Exercise instructions → Give again, exactly and only, the lines running from the one with "17 Bishops Drive, East" to the end of the material below; leave out pictures.
+++ Given information +++
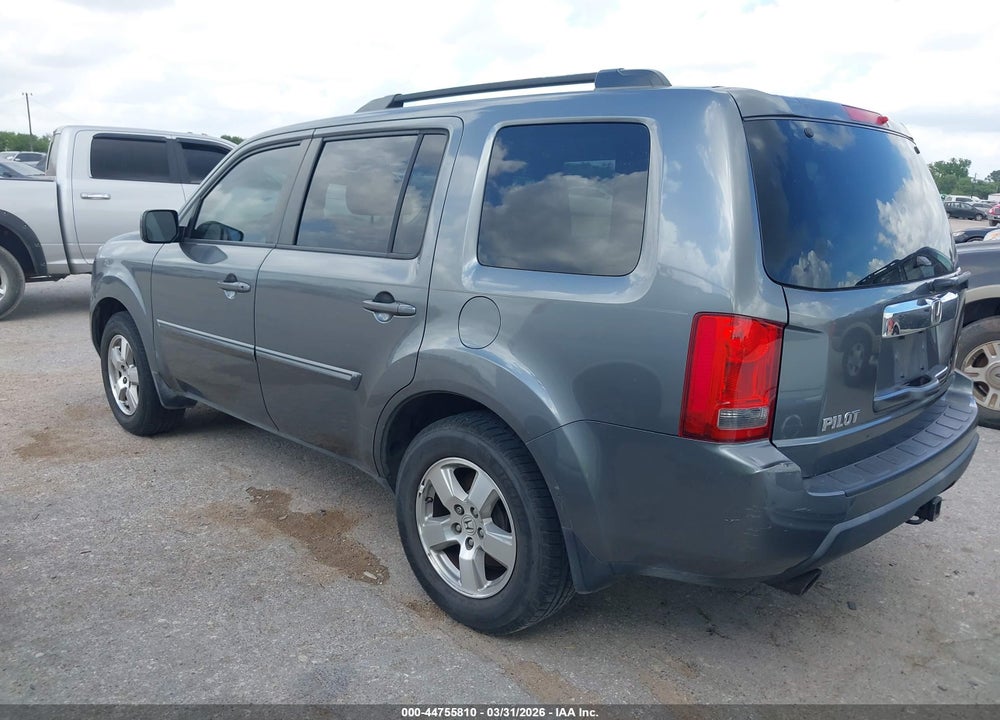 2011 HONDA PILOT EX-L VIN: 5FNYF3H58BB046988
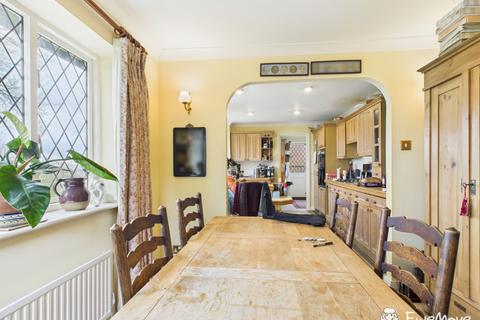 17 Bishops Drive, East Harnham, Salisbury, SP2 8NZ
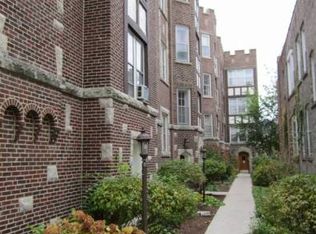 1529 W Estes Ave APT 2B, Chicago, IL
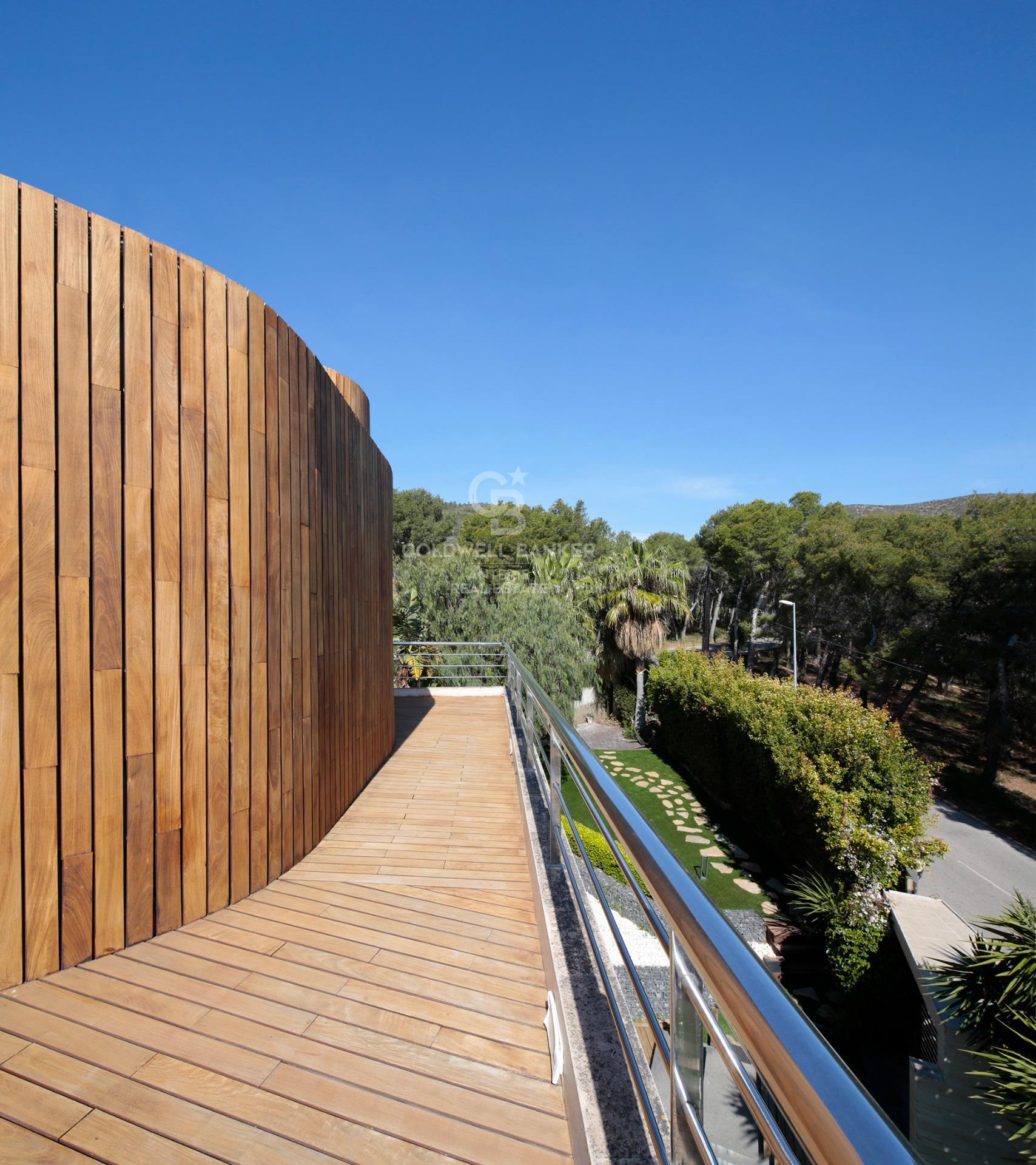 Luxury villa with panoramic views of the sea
+++
Finished task →
 17 Bishops Drive, East Harnham, Salisbury, SP2 8NZ
 1529 W Estes Ave APT 2B, Chicago, IL
 Luxury villa with panoramic views of the sea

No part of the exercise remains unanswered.